“ Constatando que a maior parte das mulheres têm, neste mundo, a alegria de viver com os seus filhos, e vendo-me, eu, Dhuoda, ó meu filho Guilherme, separada e afastada de ti e, por isso, angustiada e ansiosa do desejo de te ser útil, envio-te este opúsculo, escrito por mim, para modelo da tua formação, ficando feliz porque se estou ausente fisicamente, este presente pequeno livro, acompanha-te espiritualmente para que à medida que o leres, saibas como agir, por amor a mim. “
Dhuoda, Liber Manualis, Les Éditions du Cerf, Paris, 1997, Incipit, p. 72. Trad.
No século IX, afastada da corte Carolíngia, a gerir o património do marido, em Uzès, em 30 de Novembro de 841, Dhuoda inicia a escrita de uma obra de carácter ético – pedagógico, destinada a completar a formação ética do filho primogénito, Guilherme, com quinze anos de idade.
No mesmo ano, em Junho, o jovem Guilherme fora enviado, pelo pai, para a corte como sinal de vassalagem ao seu rei, Carlos, o Calvo.
Dhuoda tinha sido recentemente mãe do seu filho mais novo que ainda não estando baptizado, não tinha nome. Esta criança, nascida a 22 de Março de 841, foi também levada, por determinação de seu pai e senhor, para a Aquitânia, onde este, duque Bernardo de Septimânia, se encontrava então.

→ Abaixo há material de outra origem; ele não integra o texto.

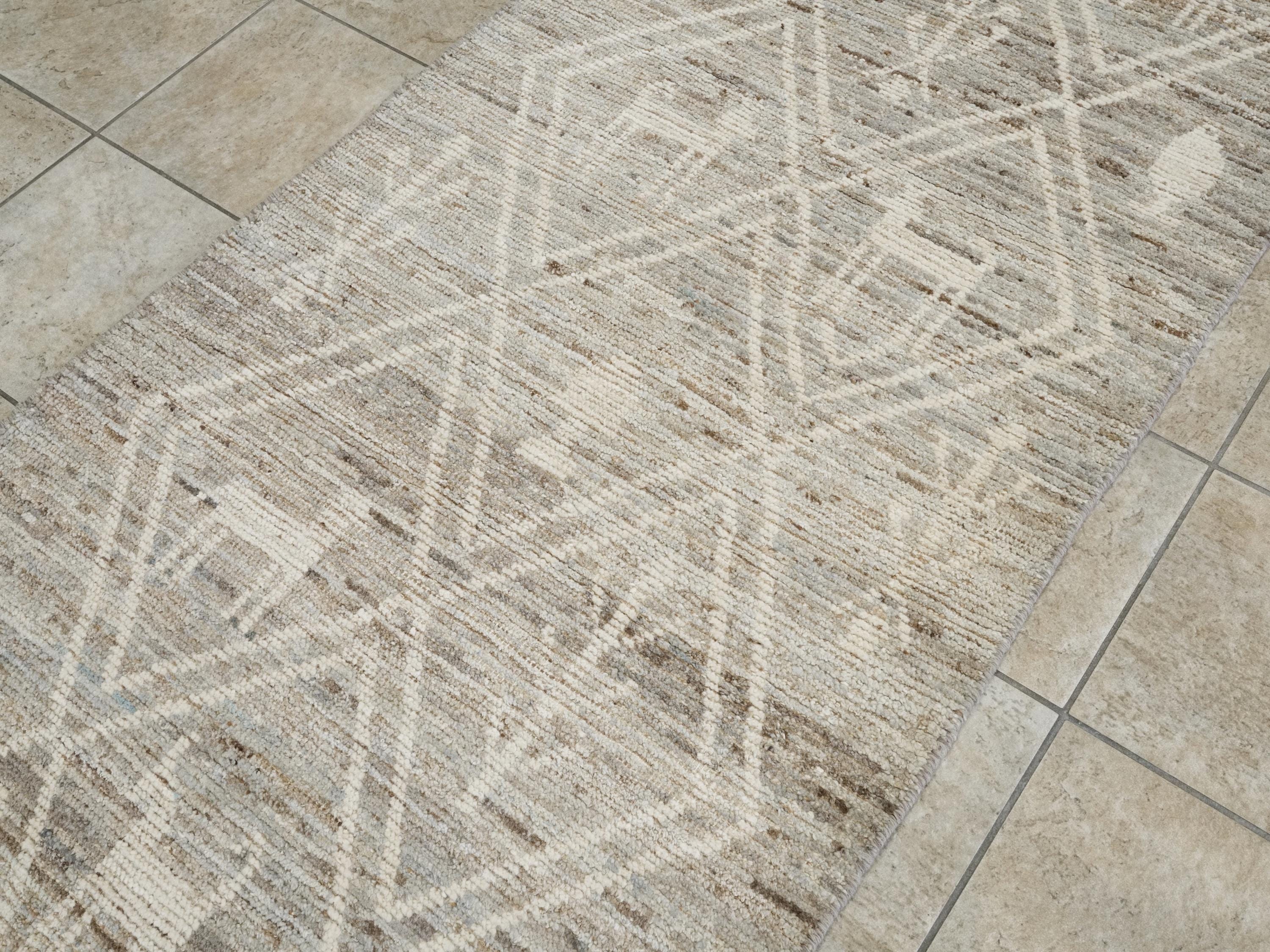 10 Ft Handmade Afghan Wool Runner Rug - Light Gray Moroccan Design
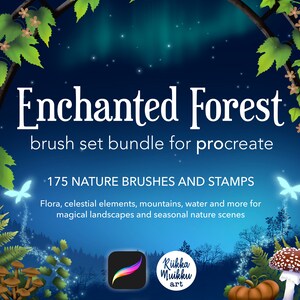Procreate 用の Enchanted Forest ブラシ セット バンドル、植物と自然のブラシ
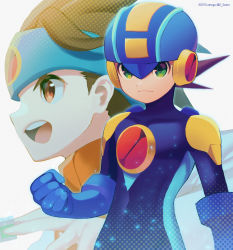 Rule 34 | 2boys, :d, artist name, battle chip, blue bodysuit, blue headband, blue headwear, bodysuit, brown eyes, brown hair, clenched hand, closed mouth, commentary request, dated, green eyes, grey background, halftone, headband, helmet, highres, holding, lan hikari (mega man), looking to the side, male focus, mega man (series), mega man battle network, mega man battle network (series), megaman.exe, multiple boys, netnavi, open mouth, orange vest, short hair, smile, teeth, turtleneck, twitter username, upper body, upper teeth only, vest, zero-go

Entre trinta de Novembro de 841 e dois de Fevereiro de 843, Dhuoda, sozinha, doente, preocupada com o futuro e destino dos filhos e do marido, vivendo num Império retalhado por lutas fratricidas, dedica-se completamente, de corpo e de alma, à execução de uma obra que possa guiar eticamente o filho mais velho, acreditando que, através deste, o seu papel de mãe e formadora poderá, um dia, envolver também o mais novo:
“ Este pequeno volume, este manual que eu compus e onde inscrevi o teu nome, logo que ele também seja chegado à idade de falar e de ler, mostra-lho e guia a sua leitura, porque ele é a tua carne e teu irmão.”
Dhuoda, obra cit., cap.I, 7, p.116.Trad.
O filho mais novo de Dhuoda recebeu o mesmo nome do pai, Bernardo, contudo, não há dados sobre a sua vida, embora Pierre Riché ( prof. da Universidade de Paris e autor da obra bilingue já citada.) considere que esta criança possa ter sobrevivido e tenha vindo a ser o pai de Guilherme de Pieux, fundador de Cluny.
Em 844, Bernardo de Septimânia, conde de Barcelona, foi executado por traição.
Em 849, Guilherme, foi condenado à morte e decapitado.
Quando terminou a sua obra, o seu Liber Manualis, Dhuoda deveria ter cerca de quarenta anos de idade, a média de vida das mulheres Carolíngias era, então, de trinta e seis anos. Quero acreditar que Dhuoda tenha podido morrer em paz, antes de tomar conhecimento da morte do marido e do filho e após ter exorcizado de si todos os sofrimentos, através da catarse da escrita.